Published on April 9th, 2013 | by Staples Soccer
0New Book Lauds Staples Soccer
Staples soccer has already been the main subject of a 2 books: Goals and Glory, Dan Woog’s history from 1958 through 1995 (now available as links on the “History” tab at StaplesSoccer.com), and The Autumn of Our Lives, Fred Cantor ’71’s account of his season spent with the 1995 Wreckers.
Staples also features prominently in Woog’s most recent book, We Kick Balls: True Stories from the Youth Soccer Wars. And it’s part of Eric, Doris Lund’s memoir of her son, a Brien McMahon player who died of leukemia.
Now there’s another entry in the ouevre. Daniel Lilie’s Soccer in the Weeds: Bad Hair, Jews, and Chasing the Beautiful Game is an account of growing up as a soccer player in the 1970s. Though he went to Westhill High School, Staples soccer played an important role in his life.
Lilie devotes a number of pages to “superstrong” Staples — a team with a “mystique,” and a “verdant, expansive campus.” Lilie recalls being intimidated by the Wreckes’ warm-ups (both their gear and the way they got ready for a match), as well as a game field that was “like Wembley.”
He recalls players like the “monsters” Steve Dickstein, Andy Simon and Charlie Perlwitz — “all about 6 feet more and skilled” — as well as “the arrogant and combative Murphy brothers, Ken and Kevin…fair and angelic looking, but direct and skilled players who played angry.”
Phil Moen was “a sylph of a guy who was so fast and elusive that our entire back 4 were at his mercy.”

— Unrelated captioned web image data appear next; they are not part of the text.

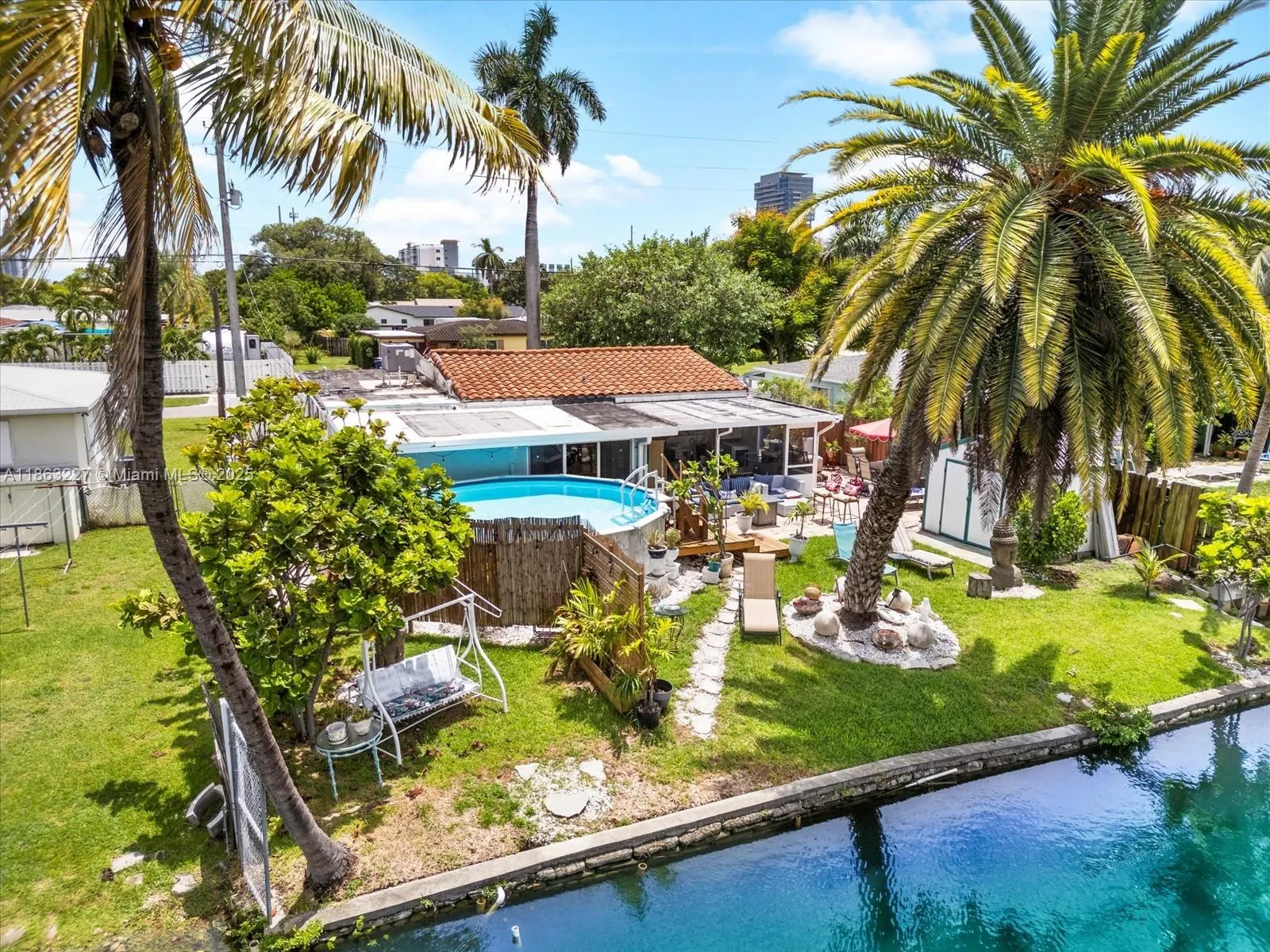 609 SW 2nd Ave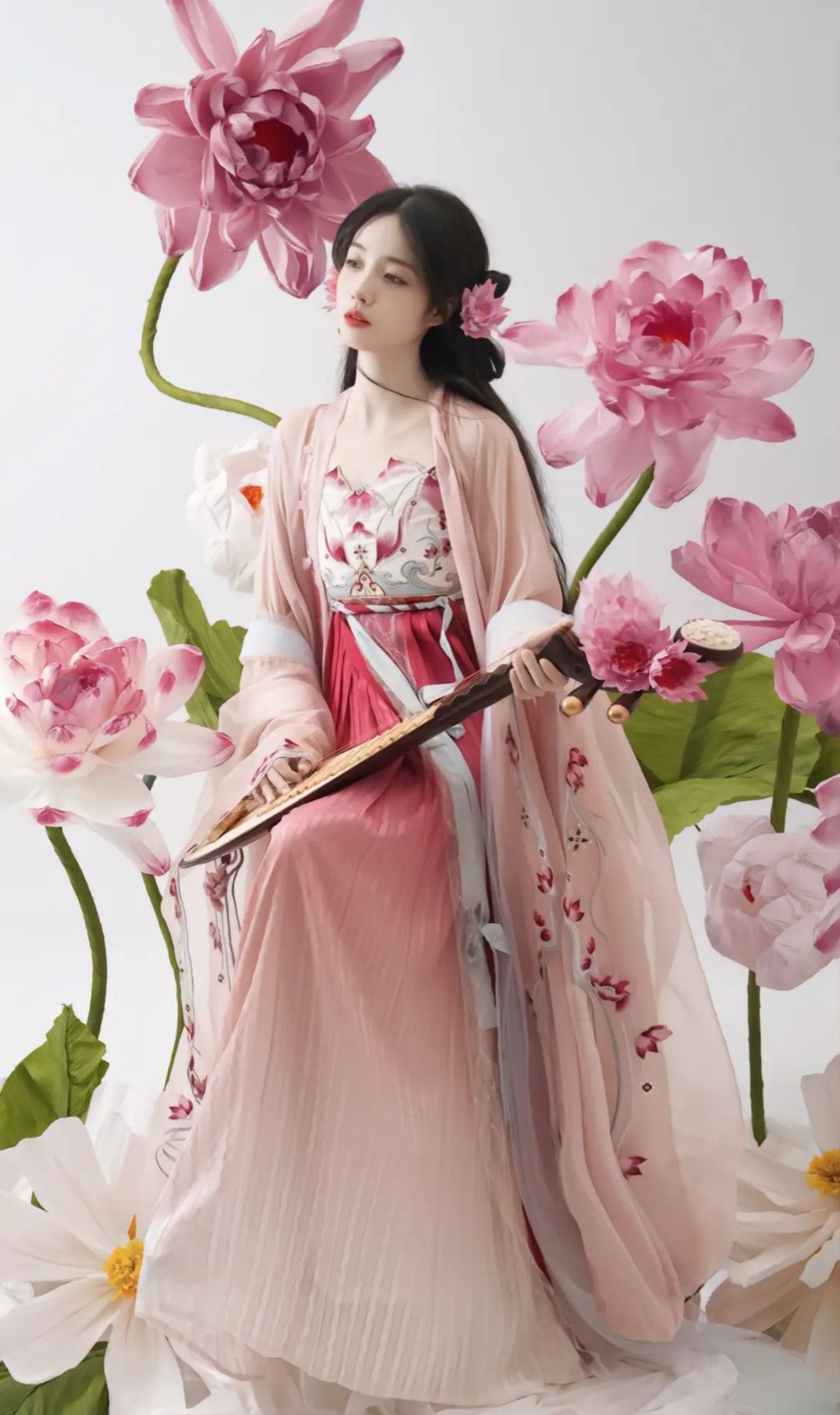 The Evolution of Hanfu Shoes and the Story of Little Pillow Shoes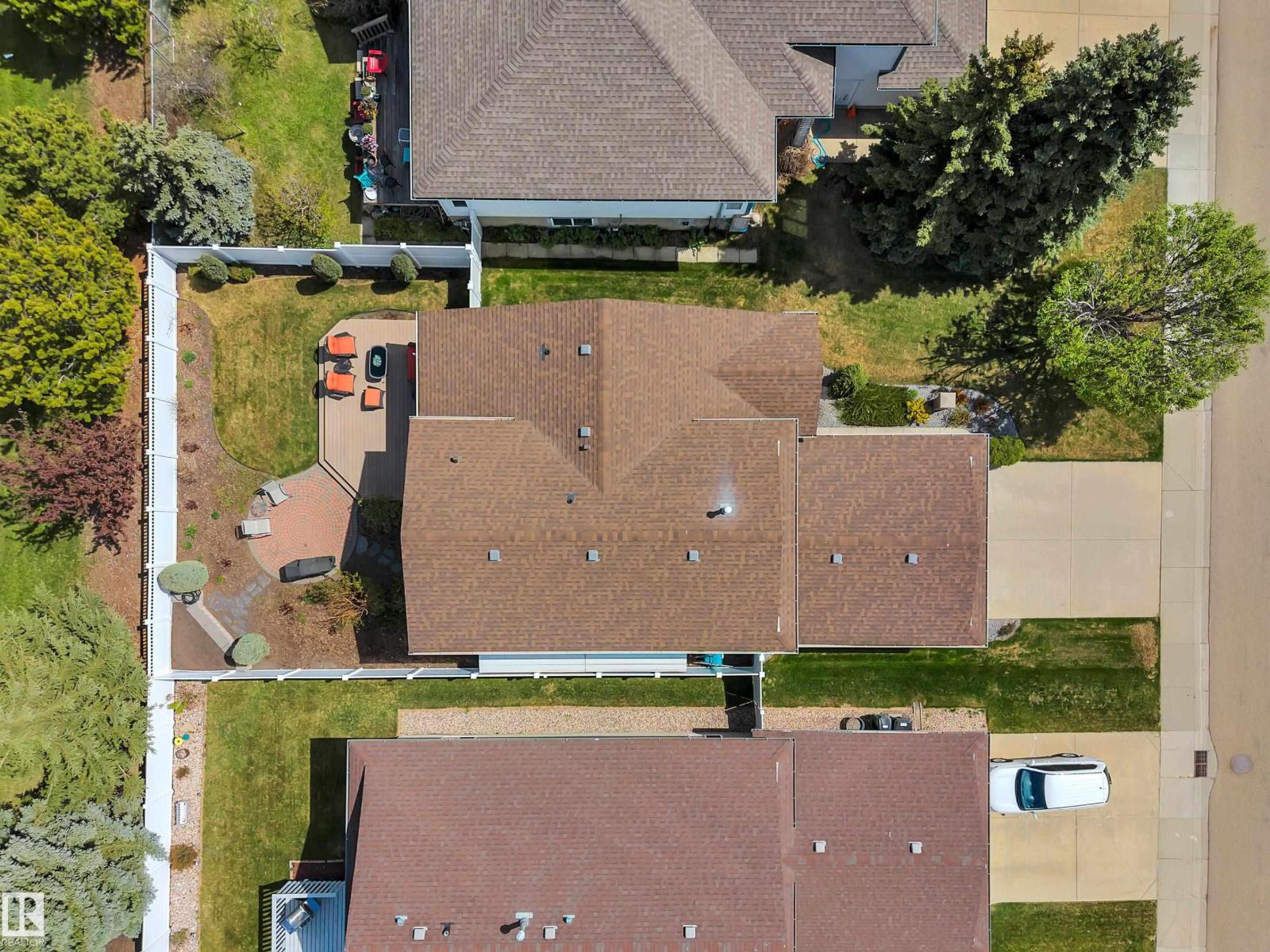 117 HOLLICK-KENYON WY NW - 63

Lilie calls Albie Loeffler
a brilliant coach. He had great players, but as a unit, Staples played a style that was as close to Dutch total football as I have ever seen, certainly from a high school team. They were interlinked, superfast blond dervishes. They played triangles to perfection, drawing us into a flat defensive scheme and continually shooting the gaps with perfectly weighted passes.
Lilie developed an “obsession” with Staples soccer, he says. “What they had, in addition to a formidable soccer team, was an esprit de corps. They were a team, with a real coach, who understood tactics and training and technique.”

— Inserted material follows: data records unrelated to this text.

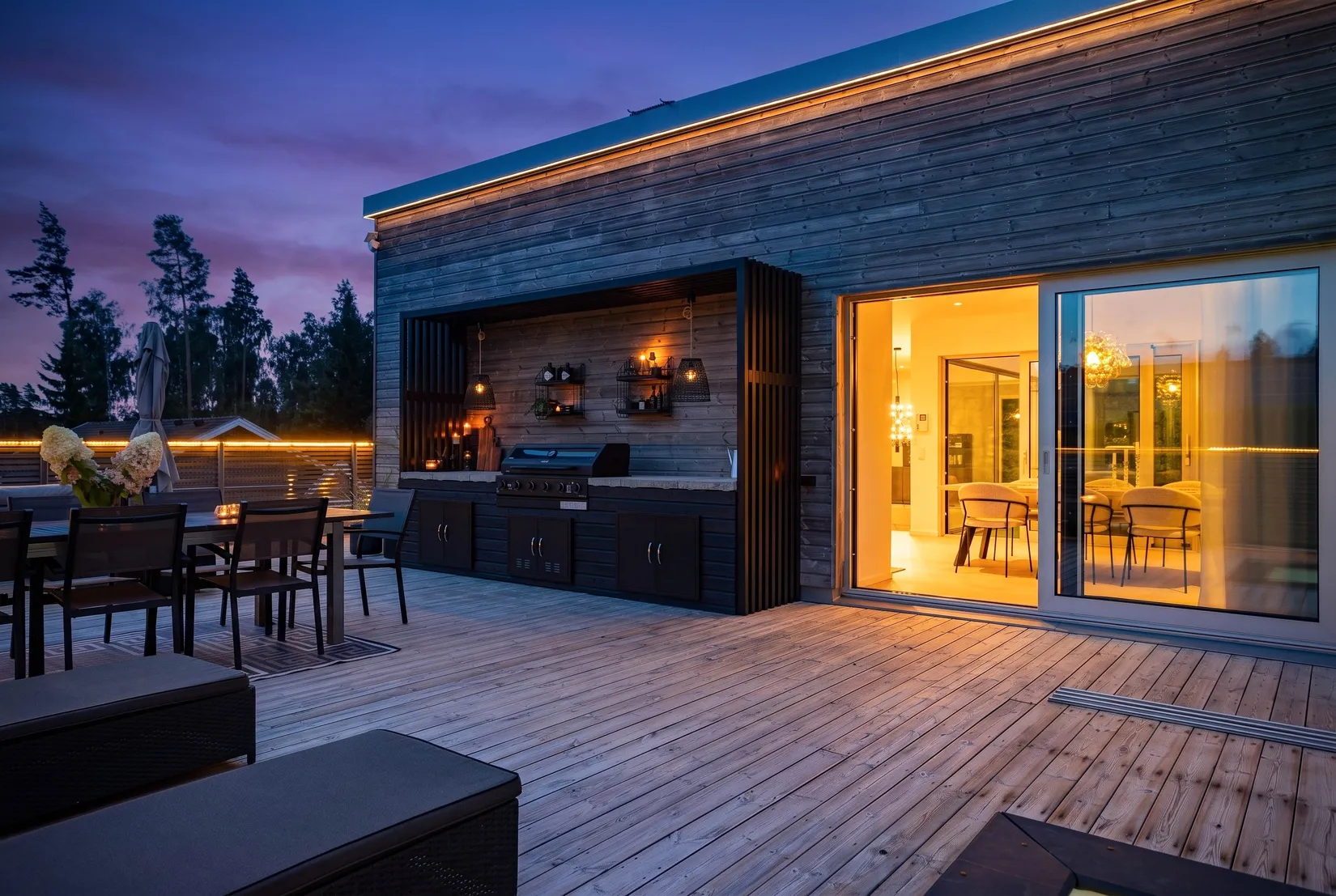Villa, Morängatan 11, Ullvibackar, Köping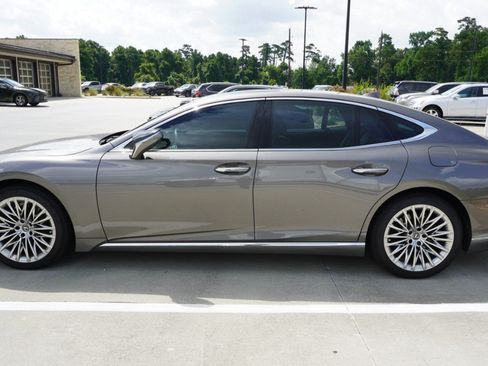 Used 2024 Lexus LS 500 RWD image 5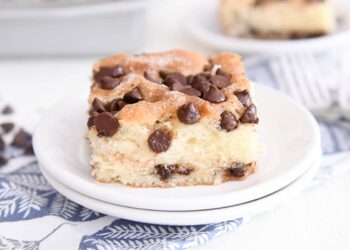 Bolo de baunilha com pepitas de chocolate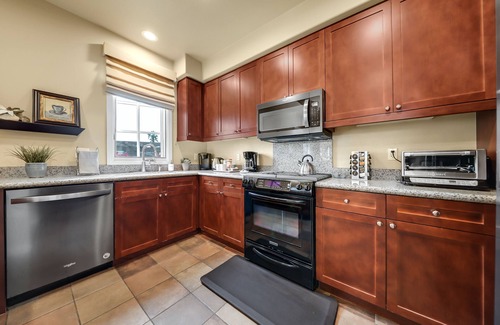 La Quinta Villa | Luxurious 2 BR/2 BA Single Story Villa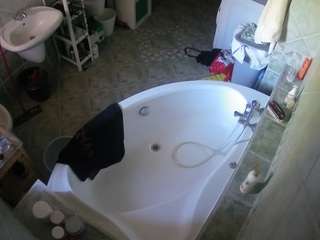 voyeurcam-julmodels-bath-1st-1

Lilie spends many pages talking about Westport’s early Recreation Commission teams; the town itself; the 1,000 or more fans who turned out for big games; and many of those Staples-Westhill games themselves. (In the 1975 state tournament, the Vikings became the 1st team to score a non-penalty kick goal against Staples at home all year.)
Later in the book, Lilie talks about summer soccer — including Westport’s legendary U-23 Bridge Grille team, as well as the NASL career of Paul Hunter ’73.
The book is not just about Staples soccer, of course. Here’s a blurb on the back — from fellow author Fred Cantor:
Lilie illuminates why soccer has a hold on so many people around the world…Part memoir and part essay, the book is a fascinating journey through 4 decades of both American soccer and American society.